- Problem to solve: Pictures in the listing below are skipped, while the lines from the "Deluxe Family Room" line through the "8433 Cinnamon Hill Avenue Las Vegas NV 89129" line are returned word for word.

- Excerpted data:
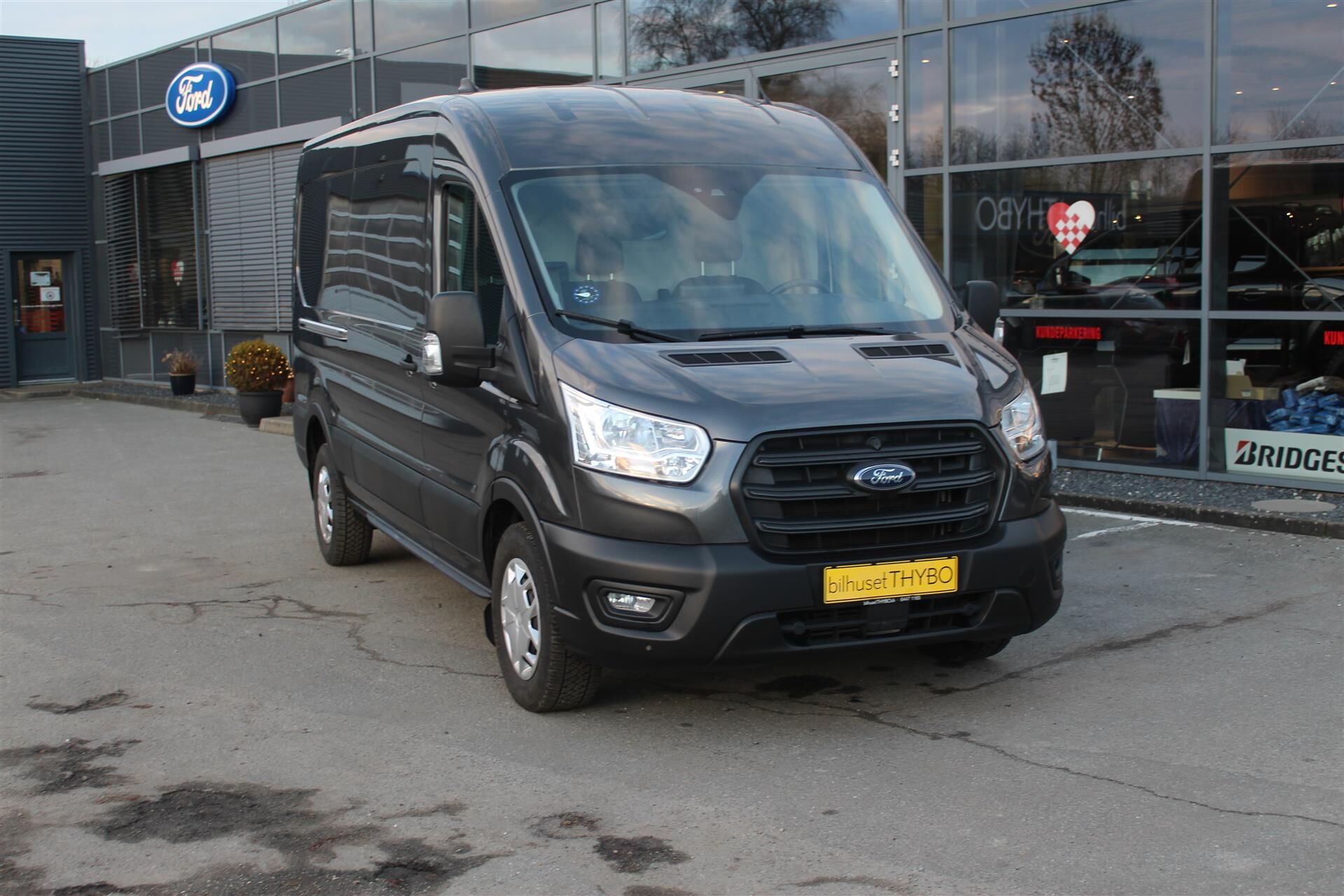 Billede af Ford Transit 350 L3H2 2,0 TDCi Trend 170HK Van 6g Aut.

==

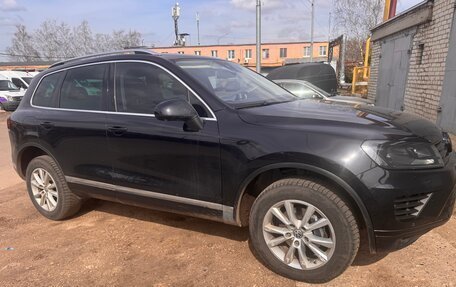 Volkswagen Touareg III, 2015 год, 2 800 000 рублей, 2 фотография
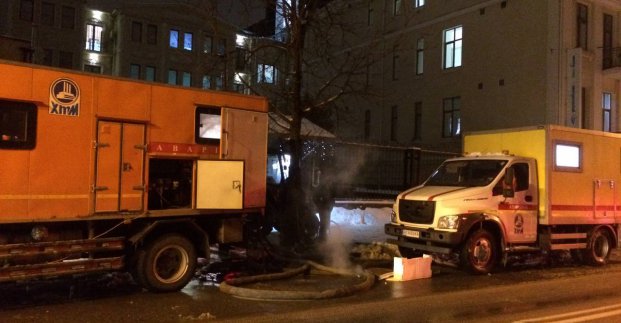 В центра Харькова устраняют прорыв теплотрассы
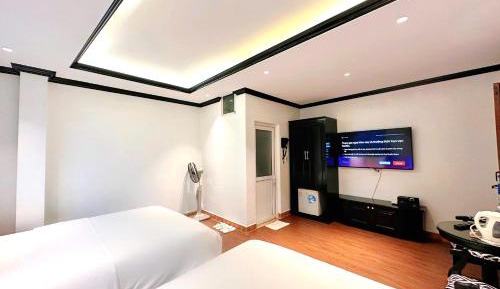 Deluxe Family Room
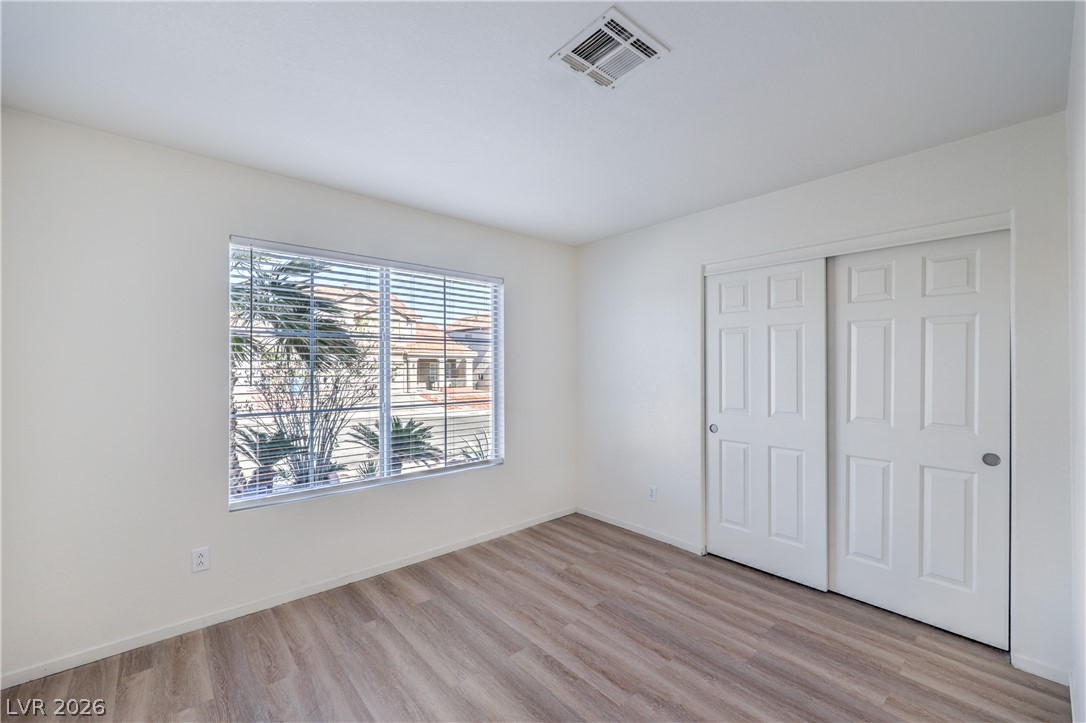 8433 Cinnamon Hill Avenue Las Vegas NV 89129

* * *

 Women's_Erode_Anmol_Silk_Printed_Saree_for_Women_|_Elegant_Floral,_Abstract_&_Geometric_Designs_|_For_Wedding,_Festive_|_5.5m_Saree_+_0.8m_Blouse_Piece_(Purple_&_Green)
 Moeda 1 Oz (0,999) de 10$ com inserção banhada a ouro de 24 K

- Written response:
 Deluxe Family Room
 8433 Cinnamon Hill Avenue Las Vegas NV 89129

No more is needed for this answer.